▶ _TASK STATEMENT_
Every line in the records below between the one holding "Inositol powder bottle" and the one holding "Sample page 7", inclusive, is to be set down exactly; all other lines are to be left out.

(Stored data)
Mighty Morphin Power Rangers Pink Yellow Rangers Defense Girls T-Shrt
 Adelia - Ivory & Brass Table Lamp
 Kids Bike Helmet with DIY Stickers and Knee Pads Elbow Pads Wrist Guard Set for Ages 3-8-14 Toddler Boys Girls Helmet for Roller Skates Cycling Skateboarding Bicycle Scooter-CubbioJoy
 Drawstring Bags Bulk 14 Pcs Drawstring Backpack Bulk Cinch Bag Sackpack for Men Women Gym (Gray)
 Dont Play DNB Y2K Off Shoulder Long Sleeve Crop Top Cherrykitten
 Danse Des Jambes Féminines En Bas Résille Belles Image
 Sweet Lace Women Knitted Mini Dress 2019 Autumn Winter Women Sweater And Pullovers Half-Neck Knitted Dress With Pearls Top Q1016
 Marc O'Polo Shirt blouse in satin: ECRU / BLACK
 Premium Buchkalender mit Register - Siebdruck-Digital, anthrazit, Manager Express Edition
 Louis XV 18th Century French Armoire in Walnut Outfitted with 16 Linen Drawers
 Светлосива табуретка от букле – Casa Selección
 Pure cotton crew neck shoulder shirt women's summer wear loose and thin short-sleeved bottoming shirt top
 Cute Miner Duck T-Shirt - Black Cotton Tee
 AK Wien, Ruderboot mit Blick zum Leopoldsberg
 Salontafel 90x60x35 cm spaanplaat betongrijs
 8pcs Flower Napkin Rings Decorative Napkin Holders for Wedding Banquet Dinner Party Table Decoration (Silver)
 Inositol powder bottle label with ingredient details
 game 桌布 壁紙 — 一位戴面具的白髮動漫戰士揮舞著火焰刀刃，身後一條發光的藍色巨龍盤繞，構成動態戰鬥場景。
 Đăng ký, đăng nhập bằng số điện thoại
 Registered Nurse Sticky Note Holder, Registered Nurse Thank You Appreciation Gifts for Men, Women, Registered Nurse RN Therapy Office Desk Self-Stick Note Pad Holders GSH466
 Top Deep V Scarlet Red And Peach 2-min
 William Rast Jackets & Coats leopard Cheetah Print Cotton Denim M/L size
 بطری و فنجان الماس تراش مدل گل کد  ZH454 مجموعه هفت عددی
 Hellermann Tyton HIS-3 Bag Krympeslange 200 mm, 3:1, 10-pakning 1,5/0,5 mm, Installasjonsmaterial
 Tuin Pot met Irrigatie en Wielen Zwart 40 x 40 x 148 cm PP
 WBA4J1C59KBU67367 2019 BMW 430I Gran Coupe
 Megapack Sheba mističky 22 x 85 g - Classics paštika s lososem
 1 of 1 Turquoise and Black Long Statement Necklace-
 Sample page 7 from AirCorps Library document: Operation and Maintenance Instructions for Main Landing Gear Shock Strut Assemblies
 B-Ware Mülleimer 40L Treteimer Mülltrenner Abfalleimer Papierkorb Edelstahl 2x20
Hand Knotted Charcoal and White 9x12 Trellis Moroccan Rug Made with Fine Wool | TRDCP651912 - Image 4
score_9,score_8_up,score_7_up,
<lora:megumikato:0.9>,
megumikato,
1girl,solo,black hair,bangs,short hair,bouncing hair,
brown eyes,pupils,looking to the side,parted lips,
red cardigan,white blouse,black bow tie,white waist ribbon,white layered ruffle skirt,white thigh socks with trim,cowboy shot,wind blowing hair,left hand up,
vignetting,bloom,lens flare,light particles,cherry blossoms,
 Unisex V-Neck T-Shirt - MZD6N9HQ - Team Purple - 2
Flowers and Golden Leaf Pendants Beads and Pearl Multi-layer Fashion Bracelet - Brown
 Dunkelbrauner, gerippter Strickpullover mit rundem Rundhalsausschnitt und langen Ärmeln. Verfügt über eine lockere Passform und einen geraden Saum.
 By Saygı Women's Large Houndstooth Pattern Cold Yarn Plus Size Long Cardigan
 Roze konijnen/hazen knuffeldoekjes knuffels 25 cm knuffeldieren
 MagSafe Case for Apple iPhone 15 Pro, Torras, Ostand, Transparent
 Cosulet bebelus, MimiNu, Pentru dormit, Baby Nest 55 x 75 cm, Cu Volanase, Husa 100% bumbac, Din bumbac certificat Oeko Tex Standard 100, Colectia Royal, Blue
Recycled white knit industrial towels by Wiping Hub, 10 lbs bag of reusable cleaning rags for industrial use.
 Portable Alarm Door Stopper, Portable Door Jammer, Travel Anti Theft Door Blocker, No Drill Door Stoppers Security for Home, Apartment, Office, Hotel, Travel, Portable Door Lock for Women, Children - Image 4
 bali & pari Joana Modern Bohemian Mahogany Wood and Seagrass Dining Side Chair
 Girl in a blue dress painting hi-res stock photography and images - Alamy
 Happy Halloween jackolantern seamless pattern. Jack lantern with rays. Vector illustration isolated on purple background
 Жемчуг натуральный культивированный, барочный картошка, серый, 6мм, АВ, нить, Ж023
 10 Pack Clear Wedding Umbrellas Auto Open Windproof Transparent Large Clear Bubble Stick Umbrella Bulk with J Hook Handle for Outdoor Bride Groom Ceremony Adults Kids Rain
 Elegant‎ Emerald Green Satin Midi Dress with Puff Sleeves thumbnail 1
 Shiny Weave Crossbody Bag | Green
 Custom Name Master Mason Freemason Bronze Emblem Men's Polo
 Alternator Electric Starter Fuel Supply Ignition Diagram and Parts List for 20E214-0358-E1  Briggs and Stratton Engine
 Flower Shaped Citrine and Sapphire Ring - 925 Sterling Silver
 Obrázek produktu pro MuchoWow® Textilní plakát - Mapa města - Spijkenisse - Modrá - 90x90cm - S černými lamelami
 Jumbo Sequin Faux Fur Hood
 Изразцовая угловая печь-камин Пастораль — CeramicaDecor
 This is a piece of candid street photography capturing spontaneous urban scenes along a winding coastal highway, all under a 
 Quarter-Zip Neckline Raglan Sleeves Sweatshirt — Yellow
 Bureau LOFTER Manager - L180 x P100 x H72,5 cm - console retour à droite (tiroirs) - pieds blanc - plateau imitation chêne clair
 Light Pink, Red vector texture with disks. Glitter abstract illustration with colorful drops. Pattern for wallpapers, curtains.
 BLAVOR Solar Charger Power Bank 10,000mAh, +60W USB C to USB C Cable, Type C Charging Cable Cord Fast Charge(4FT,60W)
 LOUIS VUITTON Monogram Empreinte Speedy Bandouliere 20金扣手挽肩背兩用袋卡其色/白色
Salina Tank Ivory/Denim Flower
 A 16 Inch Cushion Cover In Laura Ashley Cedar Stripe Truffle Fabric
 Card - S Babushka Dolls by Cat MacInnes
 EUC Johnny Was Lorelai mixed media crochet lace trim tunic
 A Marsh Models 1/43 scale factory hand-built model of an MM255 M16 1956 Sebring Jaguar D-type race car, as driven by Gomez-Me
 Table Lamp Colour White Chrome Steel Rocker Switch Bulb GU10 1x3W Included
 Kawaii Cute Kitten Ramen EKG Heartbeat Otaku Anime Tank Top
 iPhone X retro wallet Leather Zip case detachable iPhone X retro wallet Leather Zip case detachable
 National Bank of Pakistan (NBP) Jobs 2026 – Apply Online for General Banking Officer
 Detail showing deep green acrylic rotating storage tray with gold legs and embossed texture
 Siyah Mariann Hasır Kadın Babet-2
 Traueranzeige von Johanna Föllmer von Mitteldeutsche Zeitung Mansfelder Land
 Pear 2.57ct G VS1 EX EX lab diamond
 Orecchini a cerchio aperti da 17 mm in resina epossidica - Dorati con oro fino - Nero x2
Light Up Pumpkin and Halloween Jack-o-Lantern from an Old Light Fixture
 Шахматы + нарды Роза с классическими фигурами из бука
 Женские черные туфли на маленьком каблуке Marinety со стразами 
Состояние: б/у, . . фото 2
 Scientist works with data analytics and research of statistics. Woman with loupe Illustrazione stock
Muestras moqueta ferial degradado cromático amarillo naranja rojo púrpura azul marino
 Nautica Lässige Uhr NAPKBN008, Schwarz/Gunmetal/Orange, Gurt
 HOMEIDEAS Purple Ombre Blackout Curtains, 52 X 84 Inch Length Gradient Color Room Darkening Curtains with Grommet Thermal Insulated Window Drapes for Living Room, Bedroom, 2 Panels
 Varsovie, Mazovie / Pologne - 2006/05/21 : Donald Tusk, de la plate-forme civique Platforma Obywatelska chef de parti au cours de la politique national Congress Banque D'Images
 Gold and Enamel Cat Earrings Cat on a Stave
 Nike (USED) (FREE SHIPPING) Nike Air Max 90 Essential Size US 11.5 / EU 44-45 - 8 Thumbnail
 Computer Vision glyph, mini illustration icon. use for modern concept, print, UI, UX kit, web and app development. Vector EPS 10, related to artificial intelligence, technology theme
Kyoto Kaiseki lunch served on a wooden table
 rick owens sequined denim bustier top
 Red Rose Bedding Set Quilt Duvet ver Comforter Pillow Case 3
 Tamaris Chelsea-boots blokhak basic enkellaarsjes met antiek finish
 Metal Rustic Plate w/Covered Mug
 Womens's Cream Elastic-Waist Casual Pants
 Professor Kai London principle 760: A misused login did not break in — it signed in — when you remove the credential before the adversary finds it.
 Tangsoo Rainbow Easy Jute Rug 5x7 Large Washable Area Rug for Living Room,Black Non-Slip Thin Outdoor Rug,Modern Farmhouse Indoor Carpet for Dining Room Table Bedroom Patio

▶ _ANSWER FOR THE TASK_
 Inositol powder bottle label with ingredient details
 game 桌布 壁紙 — 一位戴面具的白髮動漫戰士揮舞著火焰刀刃，身後一條發光的藍色巨龍盤繞，構成動態戰鬥場景。
 Đăng ký, đăng nhập bằng số điện thoại
 Registered Nurse Sticky Note Holder, Registered Nurse Thank You Appreciation Gifts for Men, Women, Registered Nurse RN Therapy Office Desk Self-Stick Note Pad Holders GSH466
 Top Deep V Scarlet Red And Peach 2-min
 William Rast Jackets & Coats leopard Cheetah Print Cotton Denim M/L size
 بطری و فنجان الماس تراش مدل گل کد  ZH454 مجموعه هفت عددی
 Hellermann Tyton HIS-3 Bag Krympeslange 200 mm, 3:1, 10-pakning 1,5/0,5 mm, Installasjonsmaterial
 Tuin Pot met Irrigatie en Wielen Zwart 40 x 40 x 148 cm PP
 WBA4J1C59KBU67367 2019 BMW 430I Gran Coupe
 Megapack Sheba mističky 22 x 85 g - Classics paštika s lososem
 1 of 1 Turquoise and Black Long Statement Necklace-
 Sample page 7 from AirCorps Library document: Operation and Maintenance Instructions for Main Landing Gear Shock Strut Assemblies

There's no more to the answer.